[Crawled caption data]
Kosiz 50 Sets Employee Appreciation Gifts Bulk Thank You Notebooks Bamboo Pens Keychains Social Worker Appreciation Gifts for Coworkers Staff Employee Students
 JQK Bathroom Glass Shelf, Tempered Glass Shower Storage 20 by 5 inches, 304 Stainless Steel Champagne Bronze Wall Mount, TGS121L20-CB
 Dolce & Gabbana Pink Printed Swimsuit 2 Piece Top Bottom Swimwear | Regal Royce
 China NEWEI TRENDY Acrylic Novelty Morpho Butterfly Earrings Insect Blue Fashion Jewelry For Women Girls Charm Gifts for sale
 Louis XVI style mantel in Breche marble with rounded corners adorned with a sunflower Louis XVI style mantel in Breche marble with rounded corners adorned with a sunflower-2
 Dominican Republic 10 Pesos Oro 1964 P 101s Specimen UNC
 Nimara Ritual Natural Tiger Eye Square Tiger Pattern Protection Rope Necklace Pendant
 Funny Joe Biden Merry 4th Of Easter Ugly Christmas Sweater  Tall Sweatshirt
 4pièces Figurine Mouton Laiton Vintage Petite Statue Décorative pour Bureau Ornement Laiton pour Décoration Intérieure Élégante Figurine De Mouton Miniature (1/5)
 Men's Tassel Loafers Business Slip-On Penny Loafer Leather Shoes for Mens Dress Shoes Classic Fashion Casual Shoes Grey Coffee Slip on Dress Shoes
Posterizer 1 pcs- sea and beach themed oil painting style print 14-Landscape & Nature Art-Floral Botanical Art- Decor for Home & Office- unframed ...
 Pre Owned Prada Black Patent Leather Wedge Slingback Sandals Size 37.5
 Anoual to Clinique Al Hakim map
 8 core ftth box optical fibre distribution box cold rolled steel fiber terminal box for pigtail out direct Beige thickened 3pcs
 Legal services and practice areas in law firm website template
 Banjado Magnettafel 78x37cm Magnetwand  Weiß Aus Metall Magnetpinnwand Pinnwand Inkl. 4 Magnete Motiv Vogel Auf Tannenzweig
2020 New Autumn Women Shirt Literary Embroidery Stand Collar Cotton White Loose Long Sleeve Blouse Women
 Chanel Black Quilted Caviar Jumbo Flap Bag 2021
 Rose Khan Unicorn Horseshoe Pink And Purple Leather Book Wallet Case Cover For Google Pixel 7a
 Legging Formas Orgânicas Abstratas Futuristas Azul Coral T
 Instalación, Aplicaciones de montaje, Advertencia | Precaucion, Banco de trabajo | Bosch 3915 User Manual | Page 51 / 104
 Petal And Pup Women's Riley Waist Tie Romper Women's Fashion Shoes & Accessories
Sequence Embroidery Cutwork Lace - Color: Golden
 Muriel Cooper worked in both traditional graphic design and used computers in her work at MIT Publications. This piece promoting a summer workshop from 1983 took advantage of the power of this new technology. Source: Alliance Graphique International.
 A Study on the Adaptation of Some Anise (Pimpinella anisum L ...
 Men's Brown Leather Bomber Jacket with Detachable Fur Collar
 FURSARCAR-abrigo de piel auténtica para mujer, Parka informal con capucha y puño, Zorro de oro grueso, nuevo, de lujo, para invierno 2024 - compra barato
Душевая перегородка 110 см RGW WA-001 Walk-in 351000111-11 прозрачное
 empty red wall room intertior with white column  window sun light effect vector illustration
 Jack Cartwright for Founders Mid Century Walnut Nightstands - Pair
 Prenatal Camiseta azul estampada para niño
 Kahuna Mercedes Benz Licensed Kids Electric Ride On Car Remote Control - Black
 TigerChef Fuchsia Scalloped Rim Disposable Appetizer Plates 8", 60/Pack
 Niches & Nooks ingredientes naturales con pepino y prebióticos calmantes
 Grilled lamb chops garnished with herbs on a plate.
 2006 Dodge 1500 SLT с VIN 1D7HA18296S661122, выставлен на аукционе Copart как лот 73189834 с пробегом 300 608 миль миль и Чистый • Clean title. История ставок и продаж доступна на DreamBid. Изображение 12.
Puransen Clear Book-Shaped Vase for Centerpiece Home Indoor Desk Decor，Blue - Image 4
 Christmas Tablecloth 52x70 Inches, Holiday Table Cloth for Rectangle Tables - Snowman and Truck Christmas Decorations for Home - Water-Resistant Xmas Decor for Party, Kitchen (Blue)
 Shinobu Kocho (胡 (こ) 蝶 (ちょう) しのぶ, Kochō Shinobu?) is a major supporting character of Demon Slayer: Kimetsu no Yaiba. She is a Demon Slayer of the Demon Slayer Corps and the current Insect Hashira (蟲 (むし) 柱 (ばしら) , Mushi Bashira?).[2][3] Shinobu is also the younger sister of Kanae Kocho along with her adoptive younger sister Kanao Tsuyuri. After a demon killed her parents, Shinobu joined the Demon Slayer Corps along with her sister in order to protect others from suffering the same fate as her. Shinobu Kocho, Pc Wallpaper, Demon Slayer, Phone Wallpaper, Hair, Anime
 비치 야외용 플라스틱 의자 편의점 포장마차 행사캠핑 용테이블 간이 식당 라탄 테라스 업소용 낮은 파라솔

EXERCISE:
Extract exactly and only the lines above from the line containing "Banjado Magnettafel 78x37cm" through the line containing "Niches & Nooks", both end lines included.

WRITTEN ANSWER:
 Banjado Magnettafel 78x37cm Magnetwand  Weiß Aus Metall Magnetpinnwand Pinnwand Inkl. 4 Magnete Motiv Vogel Auf Tannenzweig
2020 New Autumn Women Shirt Literary Embroidery Stand Collar Cotton White Loose Long Sleeve Blouse Women
 Chanel Black Quilted Caviar Jumbo Flap Bag 2021
 Rose Khan Unicorn Horseshoe Pink And Purple Leather Book Wallet Case Cover For Google Pixel 7a
 Legging Formas Orgânicas Abstratas Futuristas Azul Coral T
 Instalación, Aplicaciones de montaje, Advertencia | Precaucion, Banco de trabajo | Bosch 3915 User Manual | Page 51 / 104
 Petal And Pup Women's Riley Waist Tie Romper Women's Fashion Shoes & Accessories
Sequence Embroidery Cutwork Lace - Color: Golden
 Muriel Cooper worked in both traditional graphic design and used computers in her work at MIT Publications. This piece promoting a summer workshop from 1983 took advantage of the power of this new technology. Source: Alliance Graphique International.
 A Study on the Adaptation of Some Anise (Pimpinella anisum L ...
 Men's Brown Leather Bomber Jacket with Detachable Fur Collar
 FURSARCAR-abrigo de piel auténtica para mujer, Parka informal con capucha y puño, Zorro de oro grueso, nuevo, de lujo, para invierno 2024 - compra barato
Душевая перегородка 110 см RGW WA-001 Walk-in 351000111-11 прозрачное
 empty red wall room intertior with white column  window sun light effect vector illustration
 Jack Cartwright for Founders Mid Century Walnut Nightstands - Pair
 Prenatal Camiseta azul estampada para niño
 Kahuna Mercedes Benz Licensed Kids Electric Ride On Car Remote Control - Black
 TigerChef Fuchsia Scalloped Rim Disposable Appetizer Plates 8", 60/Pack
 Niches & Nooks ingredientes naturales con pepino y prebióticos calmantes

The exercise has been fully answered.